• TASK GOAL: With the pictures removed, the data below must be transcribed in full and exactly.

• DATA EXTRACT:

______

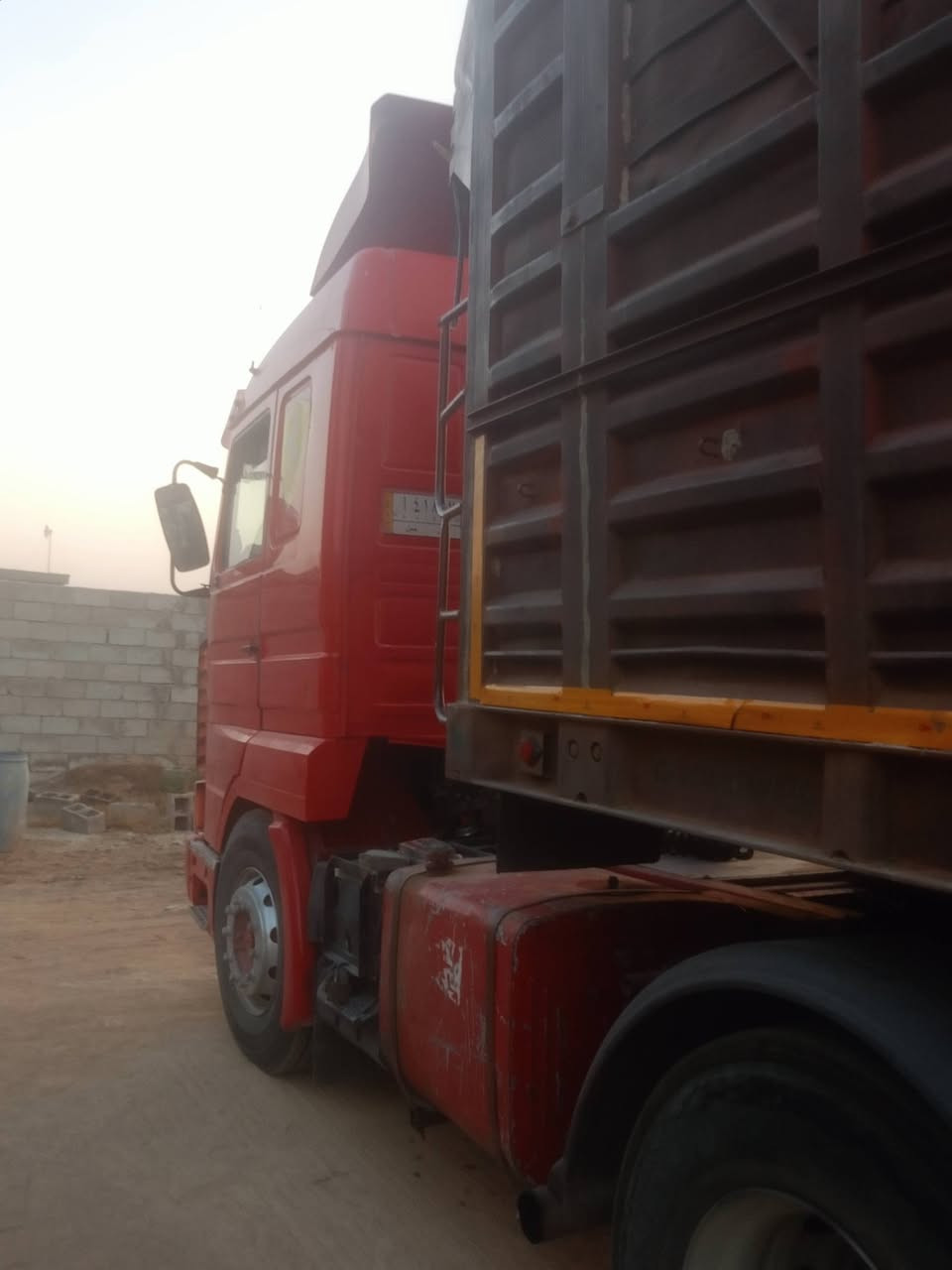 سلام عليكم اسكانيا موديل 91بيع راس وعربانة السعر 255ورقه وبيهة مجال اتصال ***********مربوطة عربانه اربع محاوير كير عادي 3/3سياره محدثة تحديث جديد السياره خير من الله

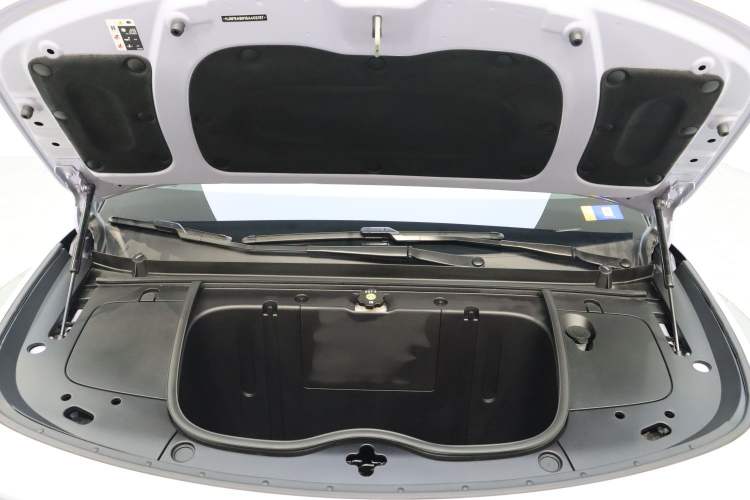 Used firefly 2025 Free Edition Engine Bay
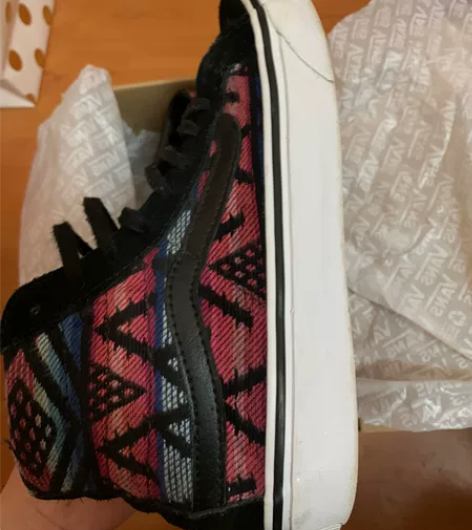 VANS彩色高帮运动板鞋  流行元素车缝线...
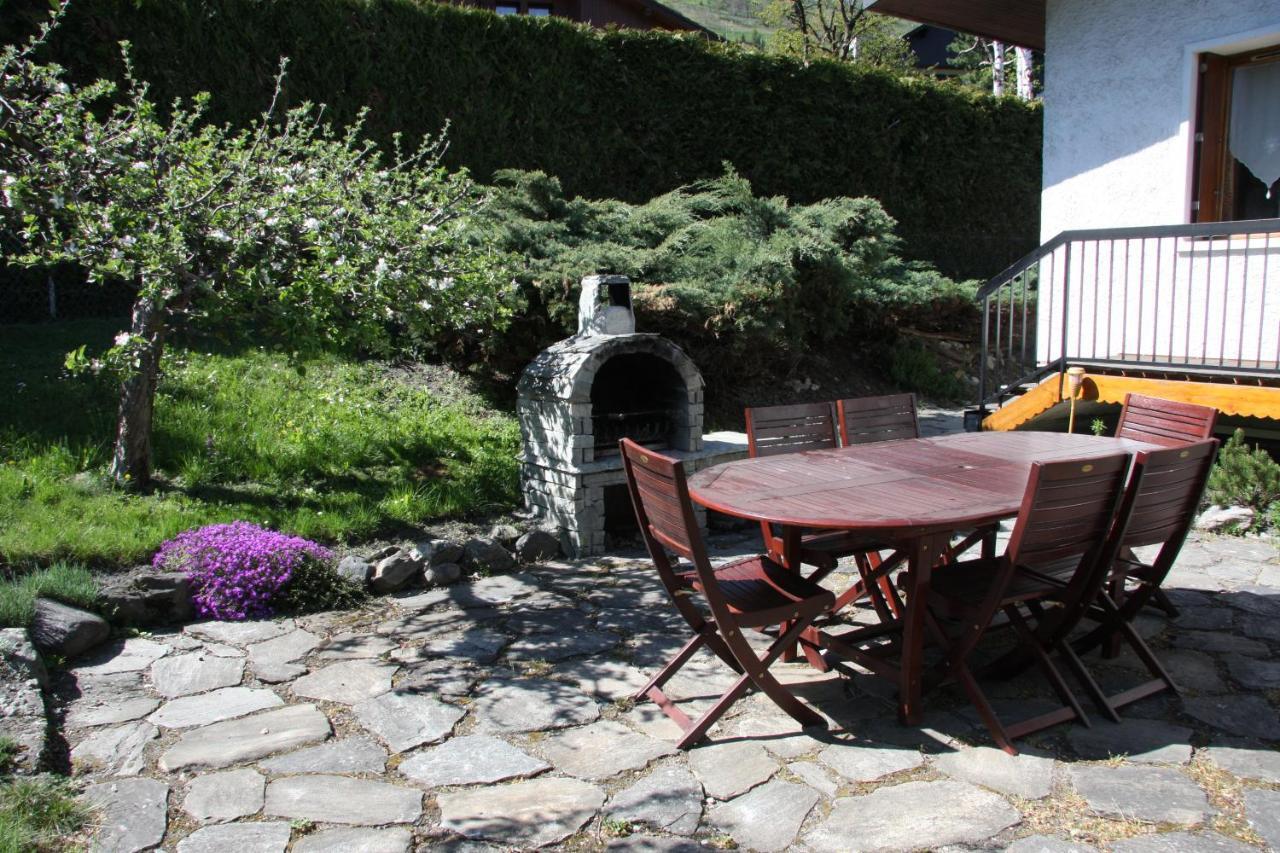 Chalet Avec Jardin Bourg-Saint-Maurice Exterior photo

______

• YOUR SOLUTION:
 سلام عليكم اسكانيا موديل 91بيع راس وعربانة السعر 255ورقه وبيهة مجال اتصال ***********مربوطة عربانه اربع محاوير كير عادي 3/3سياره محدثة تحديث جديد السياره خير من الله

 Used firefly 2025 Free Edition Engine Bay
 VANS彩色高帮运动板鞋  流行元素车缝线...
 Chalet Avec Jardin Bourg-Saint-Maurice Exterior photo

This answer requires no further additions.